田植えが終わると「泥落とし」をします。泥落としとは、重労働である田植えが無事終わったことを祝う宴のこと。全国各地で様々な「泥落とし」が行われていましたが、淡路島の西海岸、五色町の泥落としでは獲れたての鰆(さわら)が振る舞われました。

五色浜は鰆の一大漁場の一つ。足が早い鰆は、保存技術のない昔は焼いたり煮たりすることがほとんどでしたが、漁師町の五色だけは特別。鰆の刺し身などが「泥落とし」のメインディッシュとなり、宴を盛り上げたのです。

獲れたての鰆の味は甘みがあって柔らかく、トロのように口の中で旨味がとろけます。

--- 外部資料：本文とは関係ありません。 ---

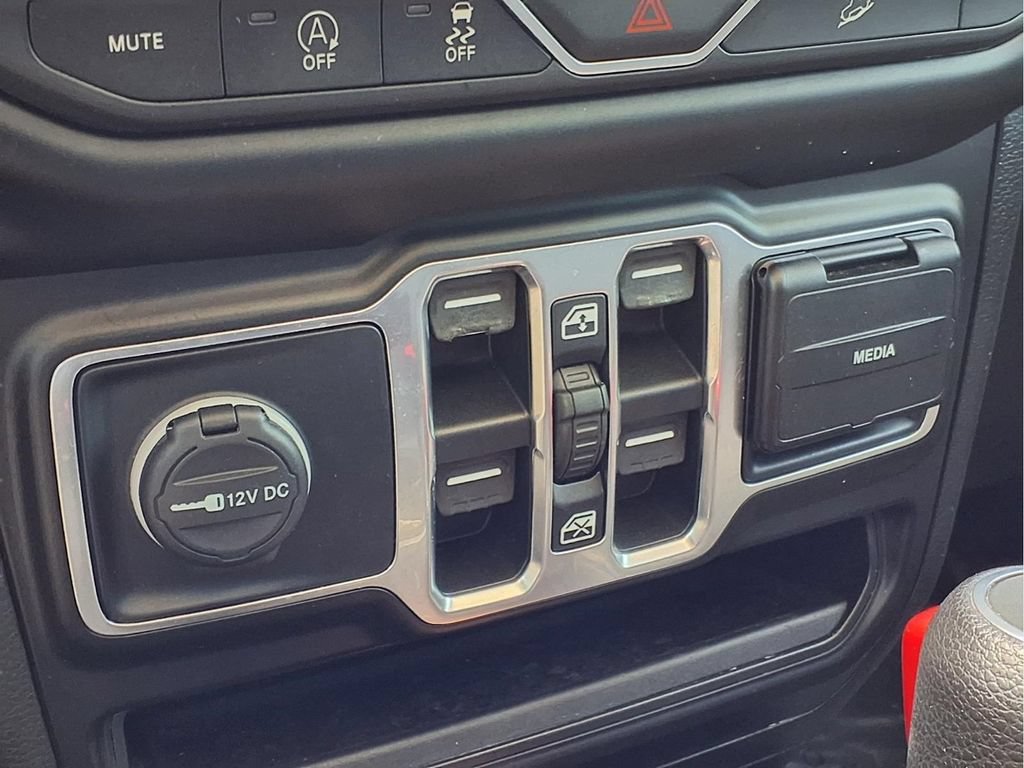 Used 2020 Jeep Wrangler Unlimited Sahara AWD/4WD image 11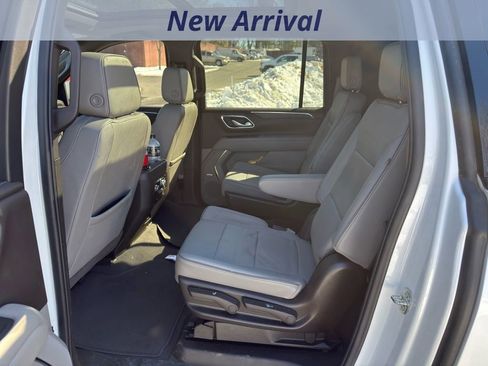Certified 2023 GMC Yukon XL SLT image 8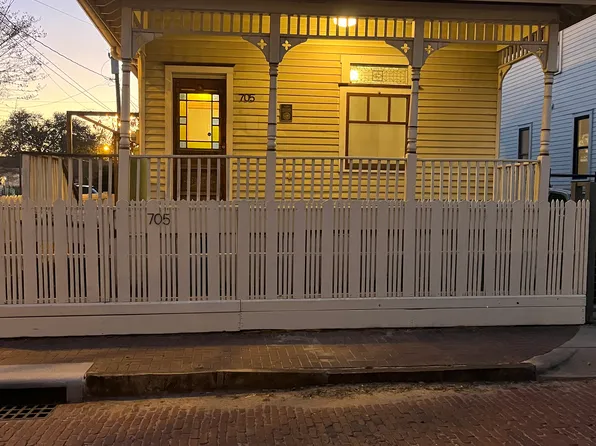 705 Sabine St, Houston, TX 77007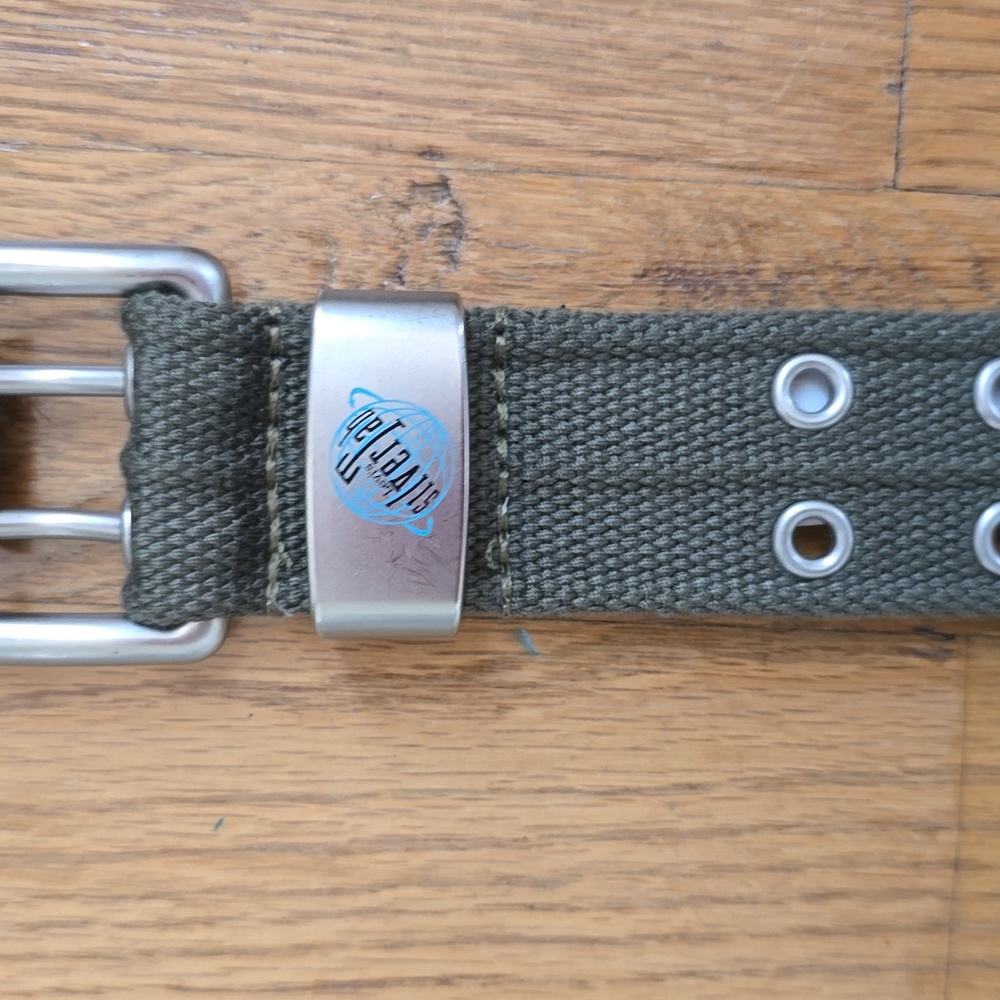 LEVIS BRAND MENS ADJUSTABLE GREEN BELT SIZE XS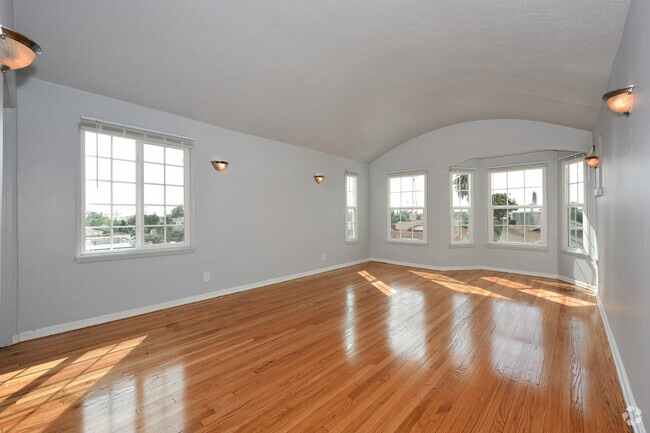 Building Photo - 1252 N Mariposa Ave Rental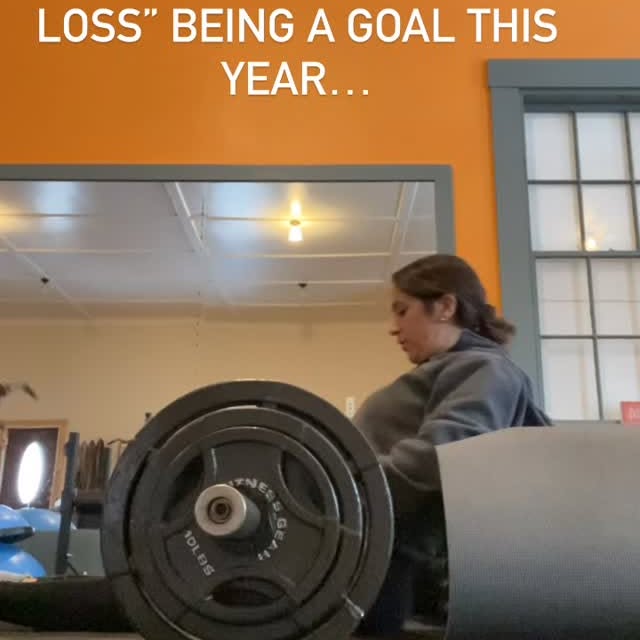 Let’s make taking care of ourselves year round cool again 🙌🏽

#momlife #strongasamoth…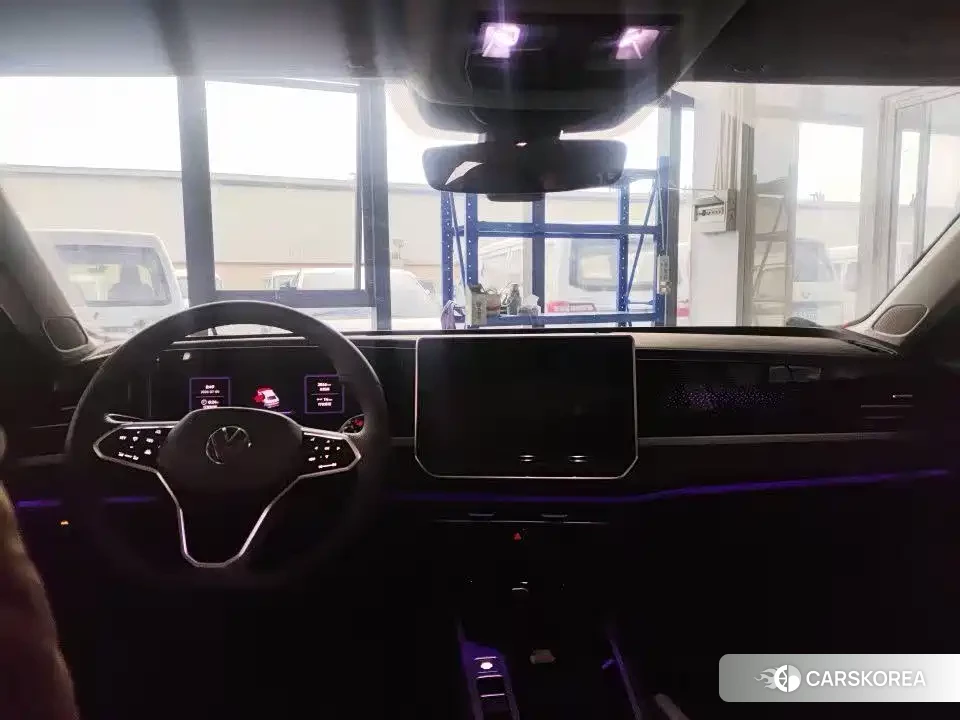 Volkswagen Magotan 2025 Черный из Китая, фото 6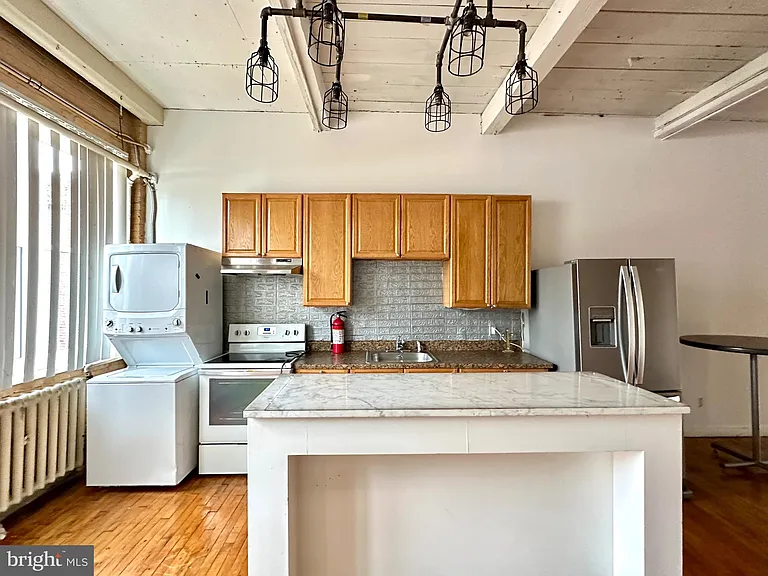 14 W Harvey St #16-2C — Photo 13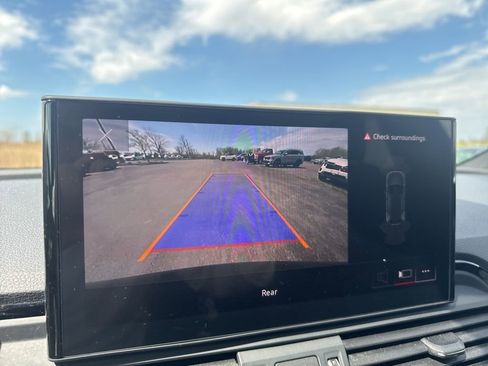 Used 2025 Audi Q5 2.0T Premium image 11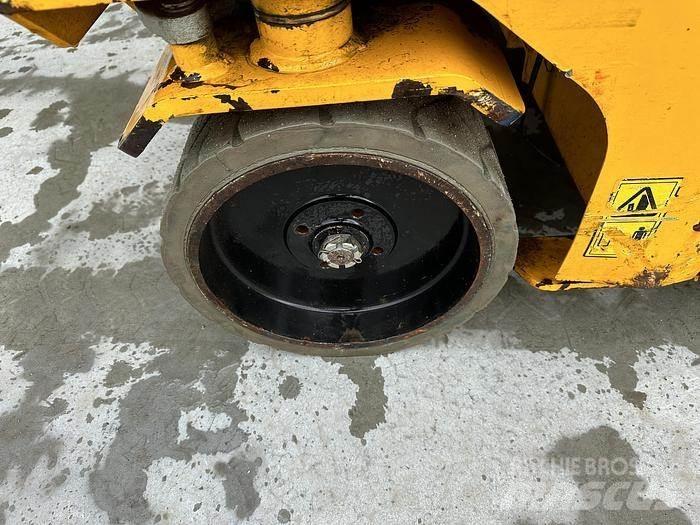 JCB S4046E 가위형 리프트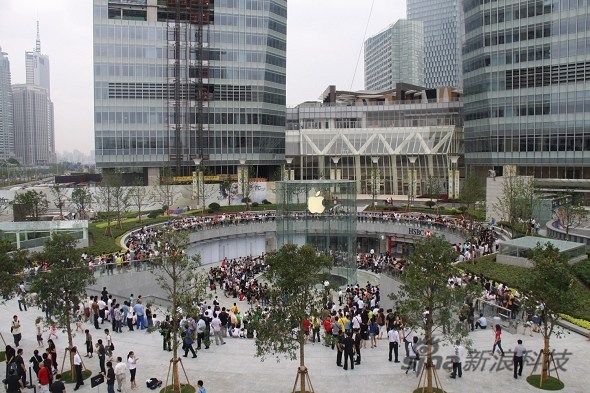苹果浦东店开业当天场景(新浪科技配图)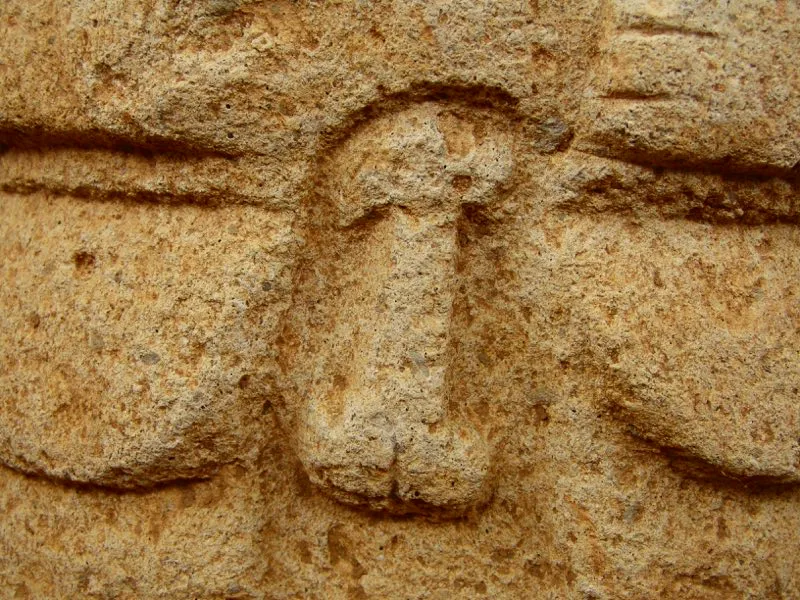 Varias figuras llevan por todo atuendo un cordón cuya función es mantener el miembro viril apuntando hacia arriba, erecto y adherido al vientre. En los cordones de la estatuaria parece haber una alusión al Espíritu Multiforme, y en particular a la serpiente y al elemento femenino, resaltada por la forma de los nudos con que se atan. No puede dejar de mencionarse, además, la similitud de dos rasgos de la figura humana, uno en la parte superior del cuerpo y otro en la inferior: la nariz y el falo sostenido por un cordón. Los dos elementos —nariz y falo— reproducen la forma básica de la pirámide escalonada.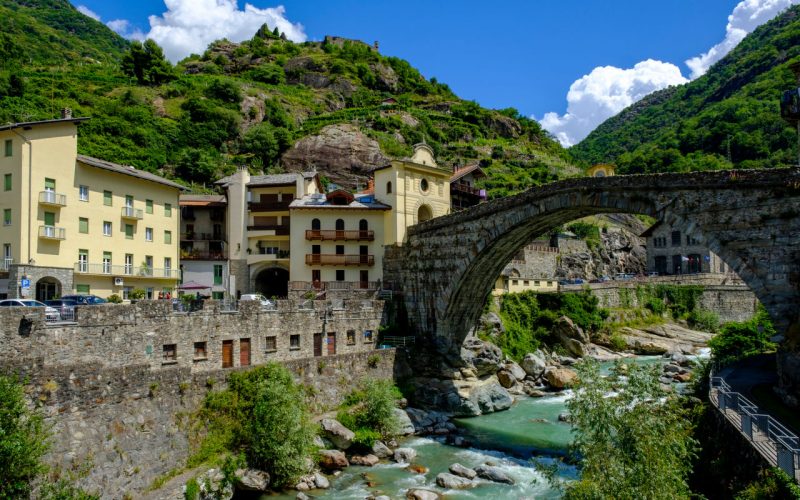 Pont-Saint-Martin e arredores: na foz do Vale de Aosta
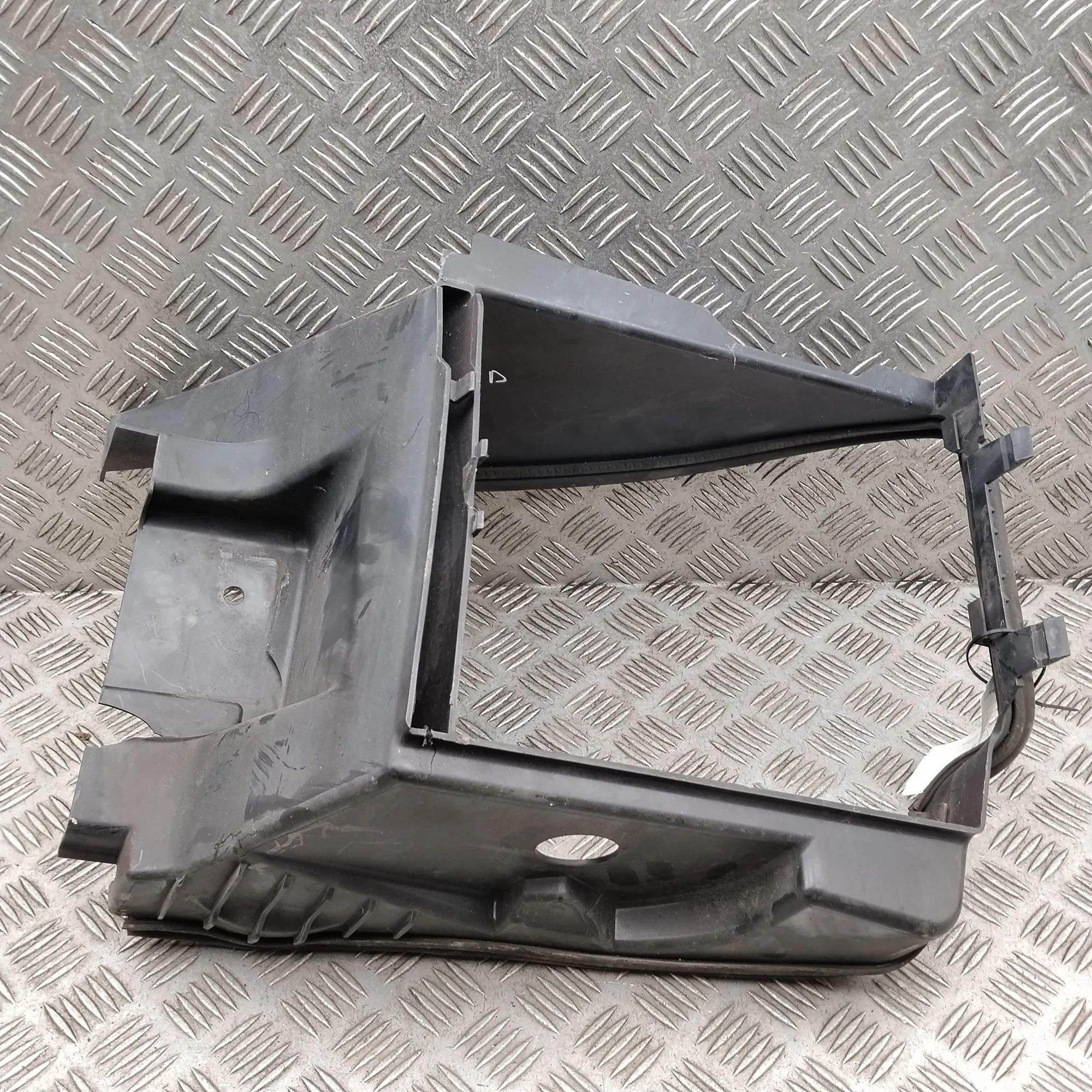 Land Rover Range Rover Sport (L494) Radiator Air Guide Duct Radiator Air Guide Duct — LAND ROVER RANGE ROVE...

『生のサワラは皿まで舐める』と言われていますが「ほんそれ」とうっかりネットスラングが出てしまうほどの破壊力。さすが御食国の淡路島、と心の奥底からしみじみと思わせる旨さがあります。

今では村を上げて泥落としをする地域はほとんど見られなくなりましたが、淡路島では泥落としにちなんだご当地グルメ「生サワラ丼」が、島内各所の飲食店で食べられます。他の地域ではどのように泥落としを楽しんでいるのでしょうか。気になるところです。